Due to the exposed topographical location of both trails, regular maintenance by the local rangers is required – so the fee is a fair solution to contribute to their work and is absolutely worth it for the surrounding alpine landscape and views over the Gotthard region. At the top of Unteralp Valley the Vermigels-lodge offers a nice opportunity to spend a night in the mountains. Another option is the campground in Andermatt (check POIs) or wild camping along the Tätschstrasse (be careful riding the last part of this trail since it becomes quite washed out towards its end, check POI). Once you've arrived at the top of Furkapass – another Swiss alpine classic – you take the road down to the Rhone valley and the Simplon Pass connecting TET Switzerland to TET Italy. This last bit is another stretch that is quite dense in terms of population and traffic. I'll be working on this part in order to find some alternatives that avoid staying too much on the main road in the middle of the valley.

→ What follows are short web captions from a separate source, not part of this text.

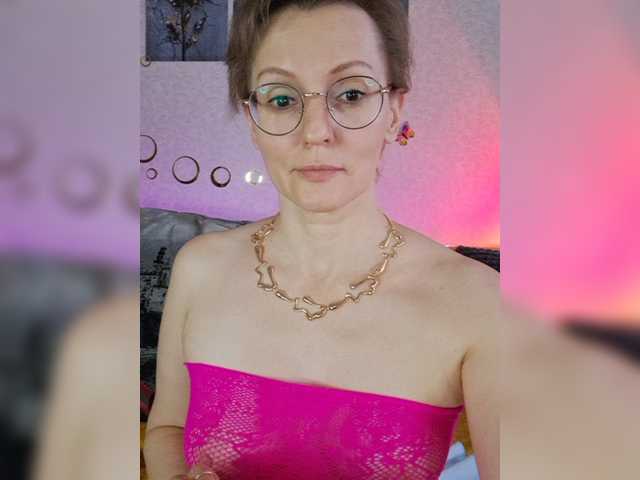 Valkiriyas live cam on BongaCams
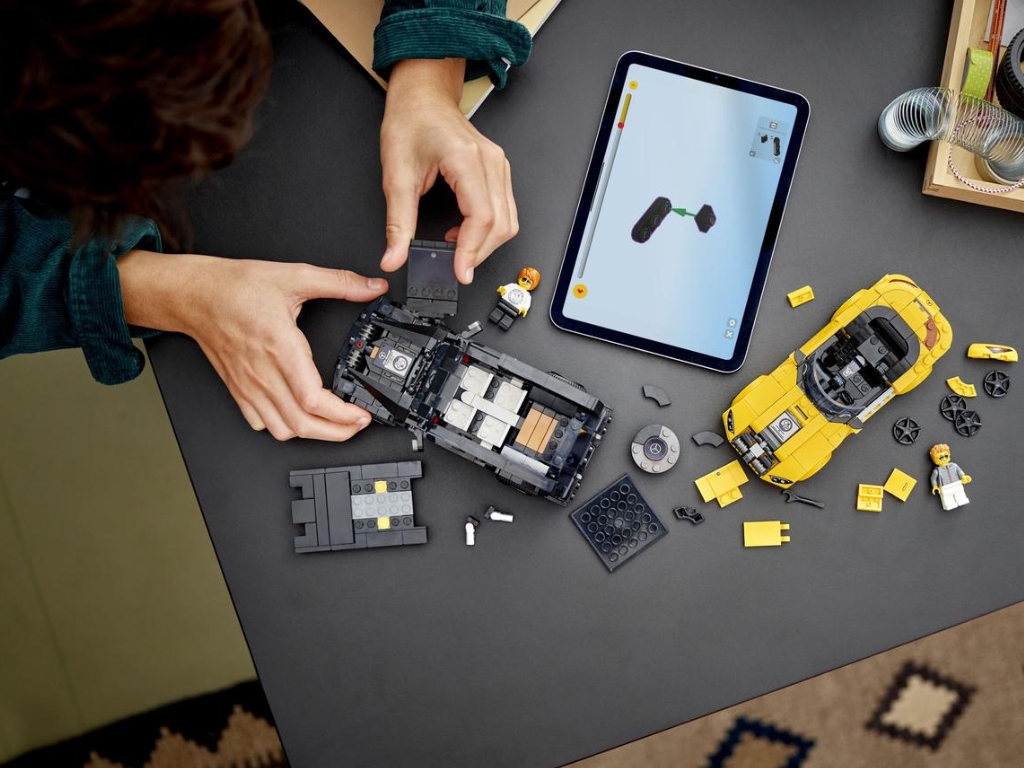 Конструктор LEGO Speed Champions Mercedes-AMG G 63 і Mercedes-AMG SL 63, 808 деталей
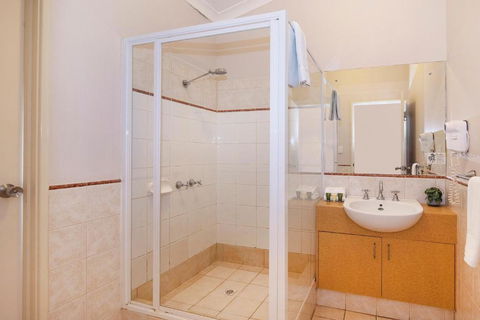 EM Apartments - Accommodation Fremantle 1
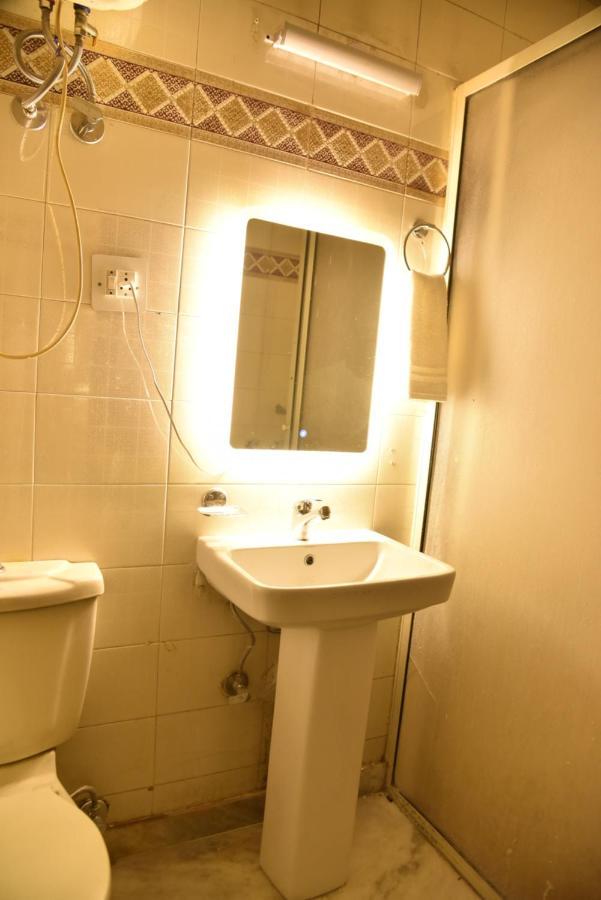 Jay Ally - Boutique Hotel New Delhi Bagian luar foto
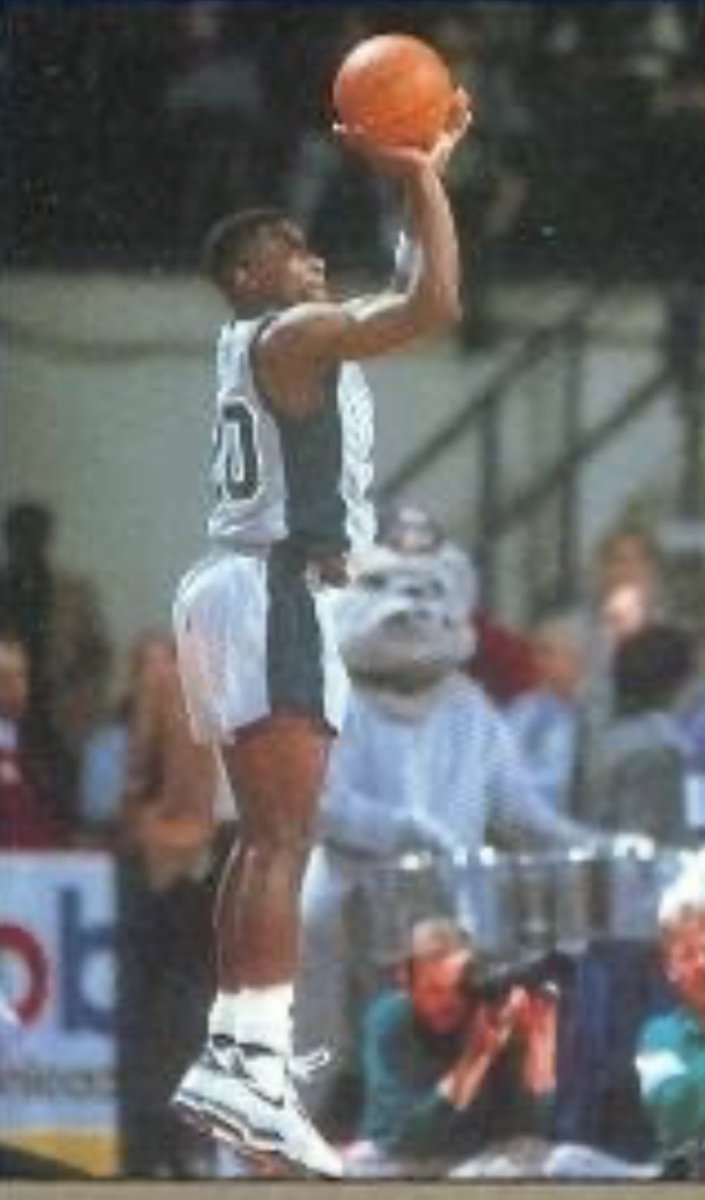 HoyaHoopClub's tweet photo. Happy Birthday Mark Tillmon (1986-90)! A Parade and McDonaldβs All-American Guard from Gonzaga High School, @marktillmon graduated as the 6th all-time leading scorer. He helped lead his Hoya teams to a combined 102-24 (53-5 at home) record. https://t.co/FxqjpWHt49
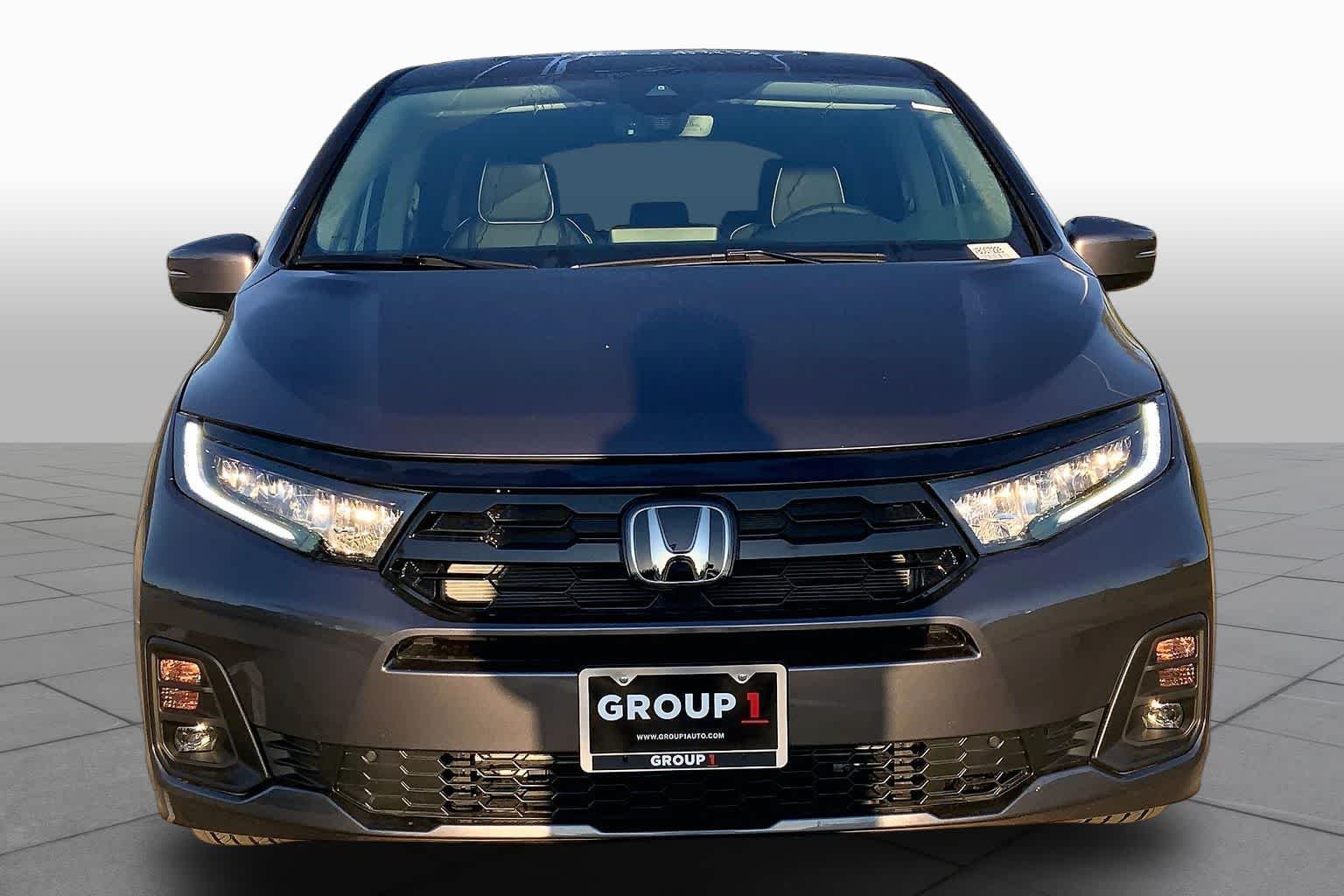 New 2027 Modern Steel Metallic Honda Touring image 3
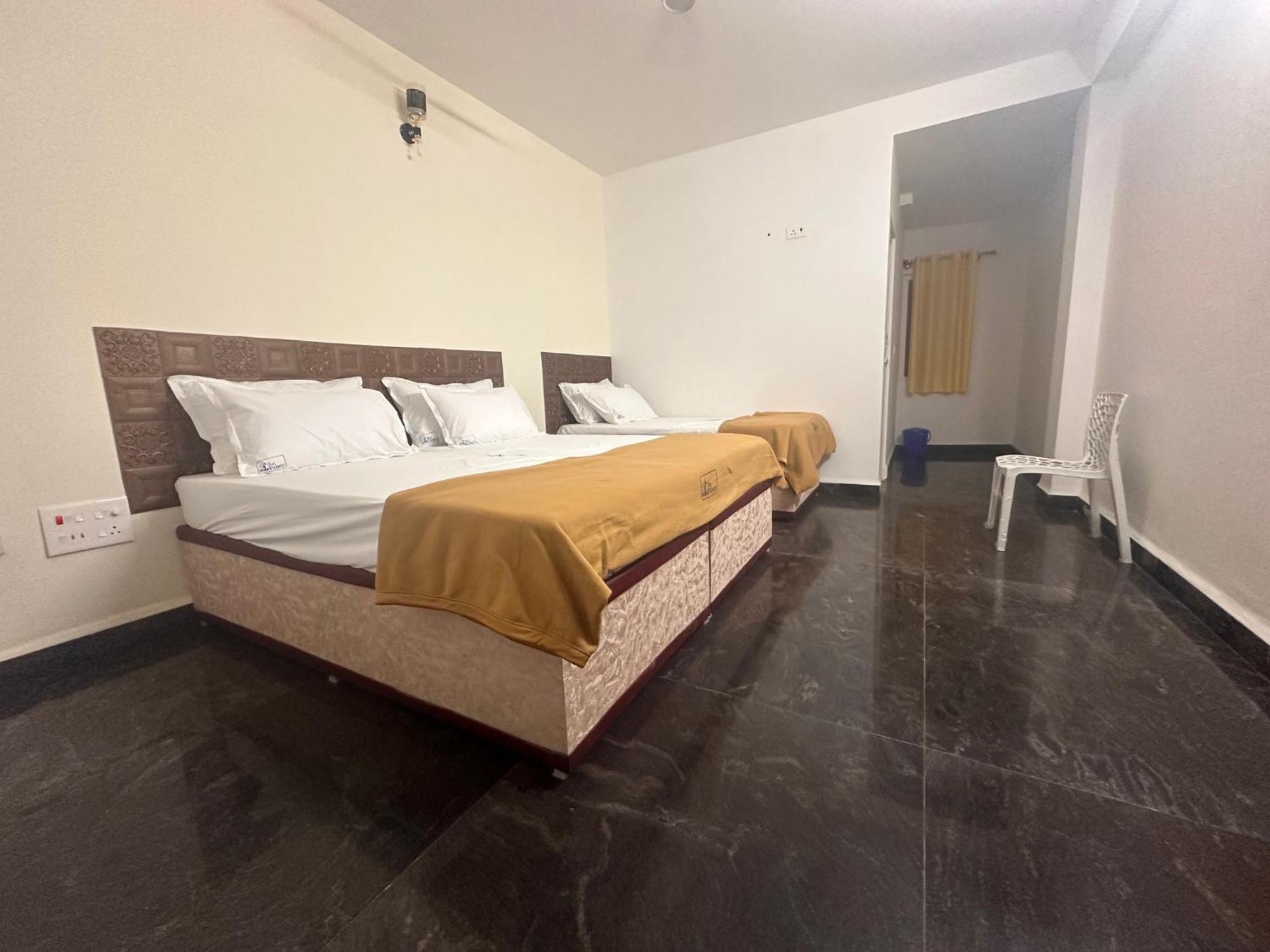 Mps Sai Palace Tiruvannamalai Bagian luar foto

Technically speaking and from a trail riding point of view, TET Switzerland is rather "light" trail compared to TETs in other countries. However, all sections include routes that climb to high altitudes (some over 2000m) and even if all the trails included are fairly easy to ride in dry weather conditions this might drastically change when rain or snowfall is encountered. So keep an eye on the weather forecast and check with the local tourist offices or lodges for more information.


Along with the breathtaking views you will experience when riding TET Switzerland there are a number of mountain lodges on the trail (tagged as POIs in the GPX file). A night in one of these lodges is a fantastic experience and besides being surrounded by peaks, lakes and waterfalls usually, the caretaker will prepare you a warm and regional meal.

As an alternative to lodges and given the fact that wild camping is widely accepted in Switzerland (especially above the tree line in the mountains) a night out watching the stars is an absolute must!